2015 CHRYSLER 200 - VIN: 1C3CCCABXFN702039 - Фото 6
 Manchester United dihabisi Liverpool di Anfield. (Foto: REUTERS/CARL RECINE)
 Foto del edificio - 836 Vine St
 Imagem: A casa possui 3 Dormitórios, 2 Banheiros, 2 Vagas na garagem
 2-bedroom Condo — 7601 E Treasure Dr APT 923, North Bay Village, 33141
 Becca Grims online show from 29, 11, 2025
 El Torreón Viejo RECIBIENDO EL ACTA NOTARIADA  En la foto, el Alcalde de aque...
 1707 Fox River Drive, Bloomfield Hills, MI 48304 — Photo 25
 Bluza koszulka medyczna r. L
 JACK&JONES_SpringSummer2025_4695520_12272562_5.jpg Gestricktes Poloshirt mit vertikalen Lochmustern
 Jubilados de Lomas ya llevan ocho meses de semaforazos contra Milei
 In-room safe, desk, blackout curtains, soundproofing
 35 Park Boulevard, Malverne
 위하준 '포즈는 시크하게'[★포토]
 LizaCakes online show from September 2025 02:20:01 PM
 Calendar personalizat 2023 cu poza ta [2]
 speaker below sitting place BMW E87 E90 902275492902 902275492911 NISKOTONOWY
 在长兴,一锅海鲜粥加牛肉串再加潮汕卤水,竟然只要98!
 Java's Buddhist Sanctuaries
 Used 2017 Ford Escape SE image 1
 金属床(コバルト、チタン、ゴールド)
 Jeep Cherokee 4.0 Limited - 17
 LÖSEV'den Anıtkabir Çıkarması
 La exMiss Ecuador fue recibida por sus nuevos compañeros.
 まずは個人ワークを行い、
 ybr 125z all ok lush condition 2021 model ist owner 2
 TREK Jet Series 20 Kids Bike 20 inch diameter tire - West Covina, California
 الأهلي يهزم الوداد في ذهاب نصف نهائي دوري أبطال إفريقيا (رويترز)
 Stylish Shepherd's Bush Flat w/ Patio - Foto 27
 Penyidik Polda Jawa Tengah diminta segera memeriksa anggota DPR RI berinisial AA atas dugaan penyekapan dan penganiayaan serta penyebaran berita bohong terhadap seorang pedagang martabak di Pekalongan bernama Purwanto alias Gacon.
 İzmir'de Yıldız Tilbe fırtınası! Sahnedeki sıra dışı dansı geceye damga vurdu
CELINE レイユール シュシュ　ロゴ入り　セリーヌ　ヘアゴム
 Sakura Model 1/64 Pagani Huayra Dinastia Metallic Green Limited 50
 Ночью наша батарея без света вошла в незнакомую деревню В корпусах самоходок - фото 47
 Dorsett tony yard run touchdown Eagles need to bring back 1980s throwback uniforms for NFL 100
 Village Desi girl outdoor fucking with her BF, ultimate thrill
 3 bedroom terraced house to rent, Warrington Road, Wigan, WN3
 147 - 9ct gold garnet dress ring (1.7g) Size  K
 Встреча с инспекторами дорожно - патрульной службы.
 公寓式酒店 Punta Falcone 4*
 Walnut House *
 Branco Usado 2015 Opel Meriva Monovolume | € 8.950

§ **EXERCISE REQUIREMENTS**: Your answer must be the data above, copied exactly from its first line through the line containing "Stylish Shepherd's Bush", and nothing more.

§ **RESPONSE FOR THIS EXERCISE**:
2015 CHRYSLER 200 - VIN: 1C3CCCABXFN702039 - Фото 6
 Manchester United dihabisi Liverpool di Anfield. (Foto: REUTERS/CARL RECINE)
 Foto del edificio - 836 Vine St
 Imagem: A casa possui 3 Dormitórios, 2 Banheiros, 2 Vagas na garagem
 2-bedroom Condo — 7601 E Treasure Dr APT 923, North Bay Village, 33141
 Becca Grims online show from 29, 11, 2025
 El Torreón Viejo RECIBIENDO EL ACTA NOTARIADA  En la foto, el Alcalde de aque...
 1707 Fox River Drive, Bloomfield Hills, MI 48304 — Photo 25
 Bluza koszulka medyczna r. L
 JACK&JONES_SpringSummer2025_4695520_12272562_5.jpg Gestricktes Poloshirt mit vertikalen Lochmustern
 Jubilados de Lomas ya llevan ocho meses de semaforazos contra Milei
 In-room safe, desk, blackout curtains, soundproofing
 35 Park Boulevard, Malverne
 위하준 '포즈는 시크하게'[★포토]
 LizaCakes online show from September 2025 02:20:01 PM
 Calendar personalizat 2023 cu poza ta [2]
 speaker below sitting place BMW E87 E90 902275492902 902275492911 NISKOTONOWY
 在长兴,一锅海鲜粥加牛肉串再加潮汕卤水,竟然只要98!
 Java's Buddhist Sanctuaries
 Used 2017 Ford Escape SE image 1
 金属床(コバルト、チタン、ゴールド)
 Jeep Cherokee 4.0 Limited - 17
 LÖSEV'den Anıtkabir Çıkarması
 La exMiss Ecuador fue recibida por sus nuevos compañeros.
 まずは個人ワークを行い、
 ybr 125z all ok lush condition 2021 model ist owner 2
 TREK Jet Series 20 Kids Bike 20 inch diameter tire - West Covina, California
 الأهلي يهزم الوداد في ذهاب نصف نهائي دوري أبطال إفريقيا (رويترز)
 Stylish Shepherd's Bush Flat w/ Patio - Foto 27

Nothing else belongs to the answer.